Figure 3 shows the profiles of NH3-TPD for various solid samples after calcination at 823 K for 4 h. NH3 molecules were absorbed on the surface of solid samples at 373 K in vacuum, and the temperature was then increased from 373 to 873 K to desorb NH3 molecules. The NH3 molecules that were absorbed on weak acid sites desorbed at low temperatures, and the NH3 molecules that were absorbed on strong acid sites desorbed at high temperatures. MCM-48 did not show any bands in the NH3-TPD profile, which implied that MCM-48 did not possess any solid acid sites. Al-MCM-48 and Al/MCM-48 showed bands with maximum at 473 and at 543 K in the NH3-TPD profiles, respectively. Hence, Al/MCM-48 possessed stronger solid acid sites than Al-MCM-48. As discussed above, Al3+ was located uniformly inside the framework of mesoporous silica in Al-MCM-48, but the Al3+ ions existed in the extra-framework in Al/MCM-48. It has been reported that the extra-framework of Al3+ ions have stronger acidity compared to the intra-framework of Al3+ ions in Al-containing MCM-41 catalysts [30]. In addition, the acid sites in Al/HMS were stronger than those in Al-HMS [19]. As for H-Y, it exhibited two bands at 473 and 643 K in the NH3-TPD profile, which indicates that H-Y had two types of solid acid sites on the surface. Because the acidity of a solid acid is mainly determined by the strongest solid acid sites on the surface, H-Y zeolite possessed the strongest sites among the various samples used in this study.
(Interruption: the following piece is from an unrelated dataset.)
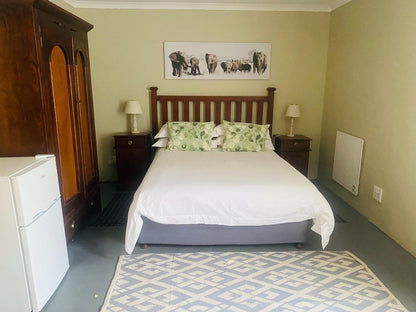 Wild Fig Guesthouse White River Mpumalanga South Africa Bedroom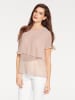 Heine Blouse lichtroze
As a result, the acidic strength of various solid samples was in the order of H-Y > Al/MCM-48 > Al-MCM-48 > MCM-48.
Table 1 lists the physical properties of various Pt-supported catalysts. The BET surface areas and the pore sizes were calculated using the N2 adsorption–desorption isotherms. All MCM-48-based samples (Pt/MCM-48, Pt/Al-MCM-48, and Pt/Al/MCM-48) showed BET surface areas larger than 1000 m2/g. The pore sizes (calculated by the BHJ method) were 39.2, 37.9, and 38.0 Å for Pt/MCM-48, Pt/Al-MCM-48, and Pt/Al/MCM-48, respectively. The pore size slightly decreased after Al modification in MCM-48. The small Al3+ ion entered the framework of mesoporous silica in Al-MCM-48, which caused a decrease of pore size in Pt/Al-MCM-48. The wall of mesoporous silica in Al/MCM-48 became thicker after grafting Al3+ ion on the wall, which caused a decrease of pore size in Pt/Al/MCM-48. Pt-supported MCM-48 materials had very high BET surface area and large pore size compared to Pt/H-Y. The actual Pt loading measured by the ICP element analyses was almost consistent with the designed Pt loading (1 wt %) for each sample. The Pt particle size in each sample was calculated using the amount of CO adsorption and the actual Pt loading. The Pt particle sizes were 2.2, 2.3, 2.1, and 2.6 nm for Pt/MCM-48, Pt/Al-MCM-48, Pt/Al/MCM-48, and Pt/H-Y, respectively. All catalysts with 1 wt % Pt loading possessed well-dispersed Pt particles on the surfaces.

3.2. Hydrocracking of Polyethylene to Jet Fuel Range Hydrocarbons

Table 2 shows the reaction results of polyethylene hydrocracking over various catalysts at 573 K for 4 h. Before the reaction, 4 MPa of H2 was charged into the autoclave reactor at room temperature. The blank (reaction without a catalyst) showed a very low total yield of C1–C21 (1.2%) and did not form any C9–C15 hydrocarbons. The C9–C15 hydrocarbons are the desired feedstock because the carbon numbers of hydrocarbons in current jet fuel are the same as those distributed in kerosene. Pt/MCM-48 (without solid acid site) showed a low total C1–C22 yield of 7.1% after reaction at 573 K for 4 h. On the other hand, both Pt/Al-MCM-48 and Pt/Al/MCM-48 showed high total C1–C22 yields and formed C9–C15 jet fuel range hydrocarbons as the main products after reaction at 573 K for 4 h. These results indicate that the solid acid sites are important for the hydrocracking of polyethylene over Pt-loaded catalysts. Pt/Al-MCM-48 formed a relatively large yield of C16–C21 heavy hydrocarbons (13.4%). Pt/HY showed the highest total yield of C1–C21 (99.6%) among various catalysts but formed C1–C8 light hydrocarbons as the main products. Pt/Al/MCM-48 showed the largest yield of C9–C15 jet fuel range hydrocarbons (85.9%) among various catalysts for the hydrocracking of polyethylene.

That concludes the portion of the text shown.